Watching Ponting bat is one of the great pleasures in life. Watching him disrespecting the privilege of being Australia's cricket captain is one of the great sadnesses. During the tea break yesterday, we were treated to archival footage from the Richie Benaud-Bill Lawry era when the honour of being the Australian captain was clearly much more than just winning cricket matches at any cost. It provided a stark reminder of just how much has changed in the modern game. One cannot even begin to imagine Benaud arguing and pointing his finger at an umpire. Even great statesmen are allowed the odd aberration but I'm afraid Ponting's general demeanour is totally unbecoming for someone who needs to understand that as a captain, as a role model, as an ambassador, as someone who kids idolise, it is "unacceptable" (according to Ranjan Madugalle, fearless dispenser of justice with a wet lettuce leaf).

It's all about perception. As captain, Ponting must surely know that. He is the leader and he is the man whom the cameras inevitably follow in moments of drama and triumph. That is the great privilege of being a leader - understanding that you will be the target of extra scrutiny and you will therefore be held to higher standards than anybody else. With that burden also comes great rewards. You are offered lucrative endorsements from various companies who want you, the leader, the brand ambassador, the 'hero' that kids look up to, to promote their product. You are given a platform to use your sponsors (who presumably pay you quite handsomely) to spruik your charitable foundations whilst other charities rarely get airplay for their equally good deeds. You are asked to be at the front and centre of Cricket Australia's marketing campaigns to promote their main sponsors, much of those aimed at young children, or the advertisements for the Ponting Foundation which saw him surrounded by adoring youngsters as he hit a cricket ball out of the stadium.

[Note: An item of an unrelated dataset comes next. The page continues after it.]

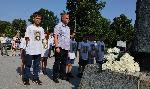 Плевен - Почит към Левски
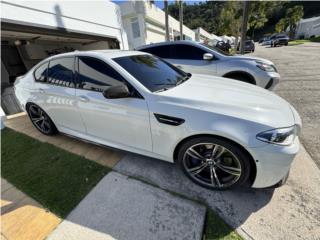 BMW Puerto Rico BMW F10 M5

Being a role-model is not a part-time gig, not when your face intrudes into living rooms for six hours every day during the school holidays, selling messages about immune defences and the purity of vitamin supplements. This summer, my sons have seen more of Ponting in the ad breaks than with bat in hand. To many young kids like them, they are too naive to differentiate between a quality cricketer and human qualities. It is for that very reason sports stars are paid big dollars to endorse products - because the intention is to motivate 'buyer behaviour' based on our respect/admiration/idolisation of that individual. Celebrities rail at the use of the word 'role-model' but it's just another word to describe endorsement. You are effectively role-modelling a car, a phone company, a vitamin, a charity based on your immense popularity with the target audience. And it's no point pretending that young kids especially don't get sucked in by this role modelling because if they didn't, companies wouldn't use sports stars to endorse products. Australian cricket captains enjoy a special place in this 'space' and it is a privilege that one presumes comes with a big pay cheque. Mark Taylor and Steve Waugh are regulars on our TV screens, advertising air conditioners, investment banks and scotch whiskies. One gets the impression that these two gentlemen, and Allan Border before them, appreciate the honour that remains with them long after the runs have stopped flowing.

Case in point; I went to my local supermarket at lunchtime yesterday to buy various things I needed for an upcoming trip to South Africa with my seven-year-old son. When it came to buying personal items like insect repellents, sunscreen and vitamins, my son was adamant that we should purchase "Ponting's stuff" because it clearly must be the best product for top performance. Despite it being more expensive than some other options, I indulged him because of his love for cricket and the fact that it was a health product rather than something more insidious (like the beer ads that are also promoted by the team). We had barely got back in the car to rush back home to watch the cricket when we heard the radio commentary of the incident and the universal condemnation of Ponting's behaviour by all commentators, Australian and English alike. We went back into the shopping centre, watched the replay on a TV screen and it looked so unbecoming that my son suggested, of his own volition, that we return the products for a full refund (which saved me a few bob too, good on him!).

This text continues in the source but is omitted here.